When her mother’s mental health takes a turn for the worse, Alyssa learns that what she thought was fiction is based in terrifying reality. The real Wonderland is a place far darker and more twisted than Lewis Carroll ever let on. There, Alyssa must pass a series of tests, including draining an ocean of Alice’s tears, waking the slumbering tea party, and subduing a vicious bandersnatch, to fix Alice’s mistakes and save her family. She must also decide whom to trust: Jeb, her gorgeous best friend and secret crush, or the sexy but suspicious Morpheus, her guide through Wonderland, who may have dark motives of his own.

Why it’s worth it: This post is shamelessly inspired by me and Michaela’s recent video about our favorite fairy tale retellings, during the filming of which I was reminded about this book. Listen, I hate the original Alice in Wonderland–book, movie, whole shebang. Splintered came out in a time when there was a lot of Alice retellings being published, and I really wasn’t a fan. But, I was intrigued by this book’s blurb among all the others–and I was not disappointed.

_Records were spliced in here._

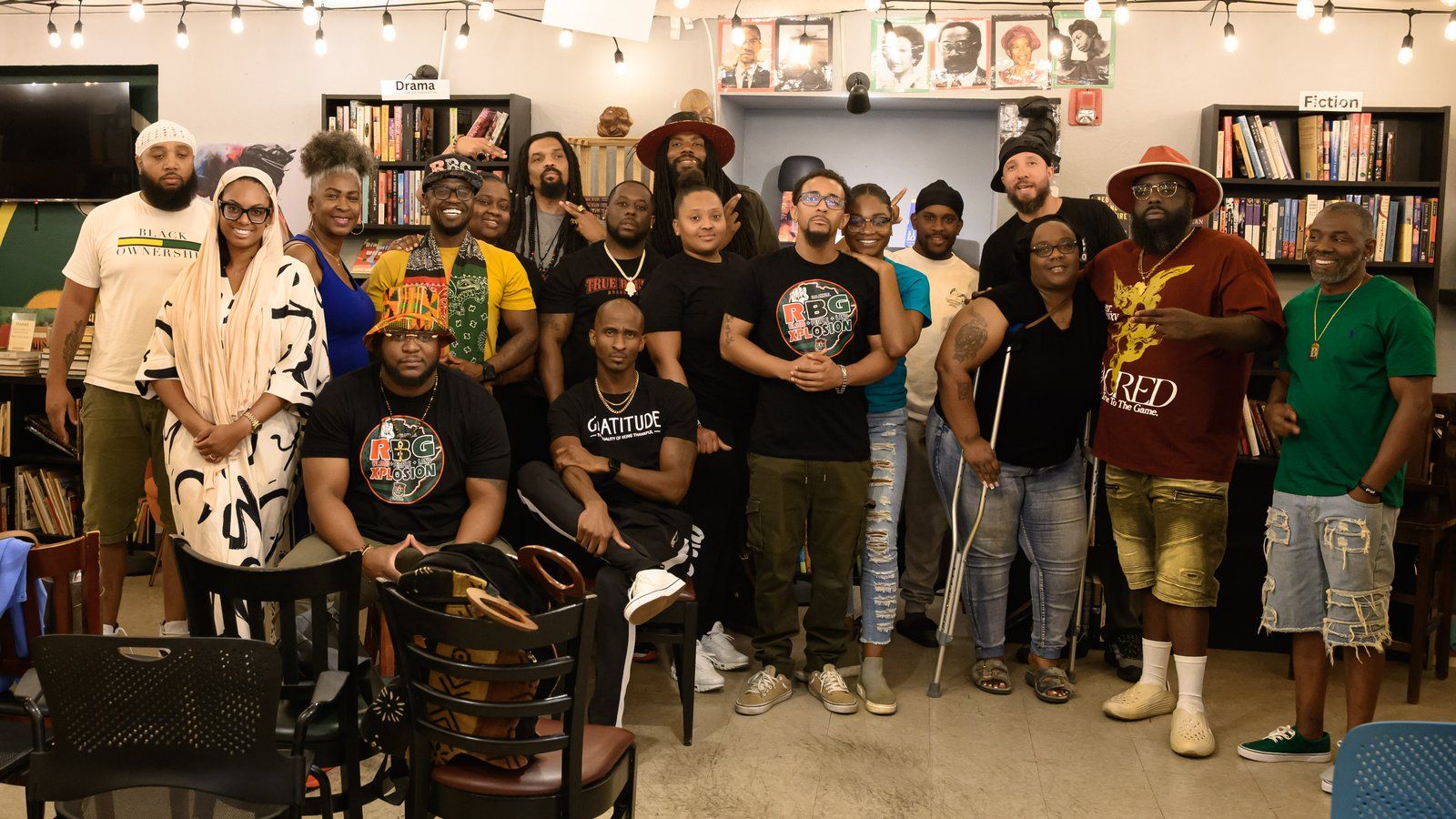 A large group of fathers, mentors, and mentees at a community event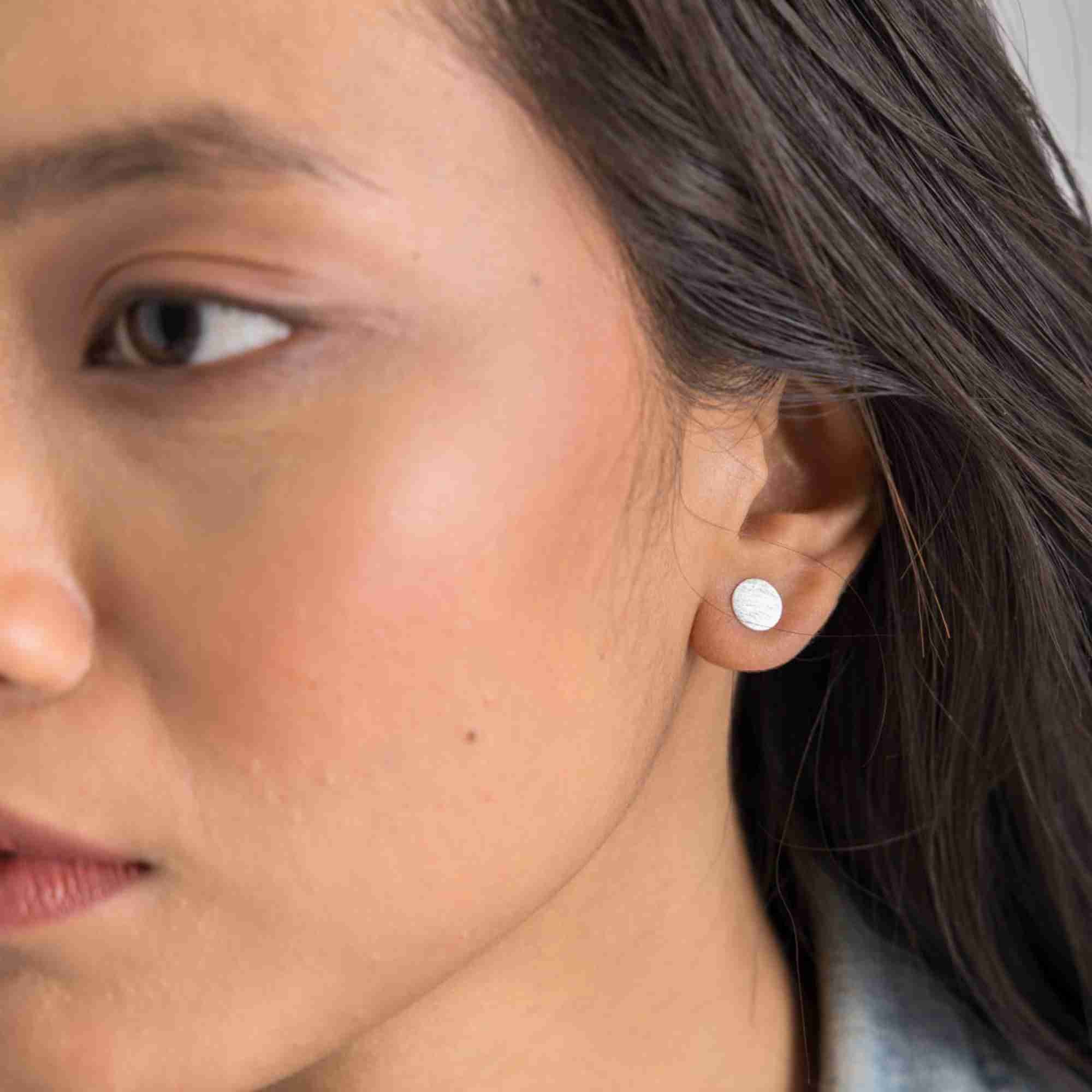 Extreme close-up lifestyle view focusing on the Shimmering Disks Minimalist Stud Earrings Silver, referencing file name Shimmering_Disks_72_c5fafa8d-7a4b-4f33-b592-be16b35a28ba.jpg. The angled detail shot captures the fine, shimmering scratch-textured finish across the flat surface of the tiny round silver stud earring.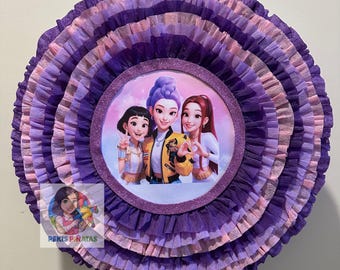 Może przedstawiać: Okrągła, warstwowa piñata w odcieniach fioletu i różu. Środek przedstawia okrągły obraz trzech animowanych postaci. Piñata ma pofałdowaną konstrukcję z bibuły, z błyszczącą obwódką wokół centralnego obrazu.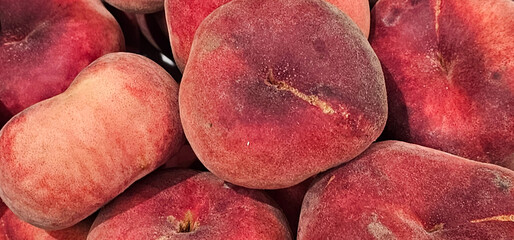 Fresh Spanish Saturn peaches, also known as donut peaches, with a rich red hue and velvety texture,...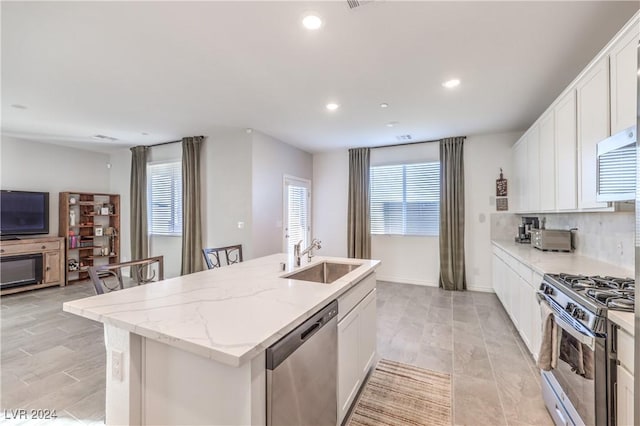 kitchen featuring white cabinetry, sink, stainless steel appliances, and a center island with sink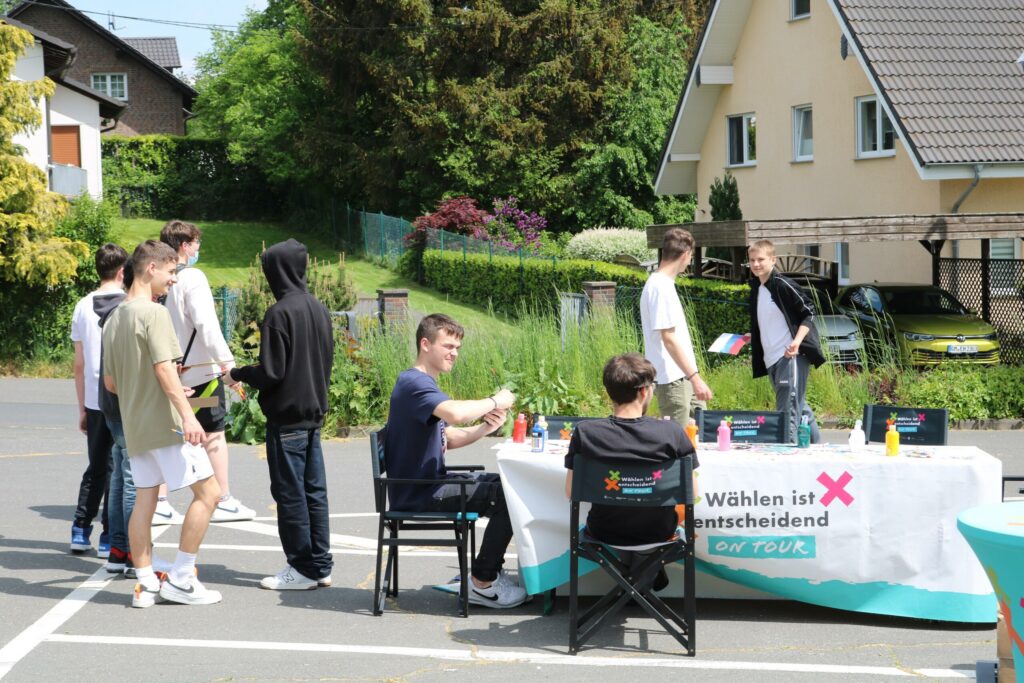 Schüler stehen an einem Tisch im Freien und nehmen an einer Umfrage teil.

I think my favorite thing is that Howard isn’t TRYING to re-do the original tale. This is a book that deals with the consequences of the original Alice’s trip into Wonderland on her descendants. Then, when Alyssa finally gets to Wonderland, it is amazing how many creative ways Howard came up with to say “Well, Carroll wrote this but actually it’s like THIS.” For example, the White Rabbit is really called the White Rabid and he’s part skeleton. SO COOL.

To me, this version of Wonderland is much more creepy and visceral and amazing than the original story, and really twists the world into something for the more grown up mind. Howard’s writing is also really strong–to the point where I fell in love with a story related to Alice in Wonderland, which I thought would never happen.

In my original ARC review, I rated this book 4 1/2 stars–the half was docked for the love triangle, as you can see in the blurb. All in all, though, I wouldn’t let the presence of a love triangle keep you from checking out this great book!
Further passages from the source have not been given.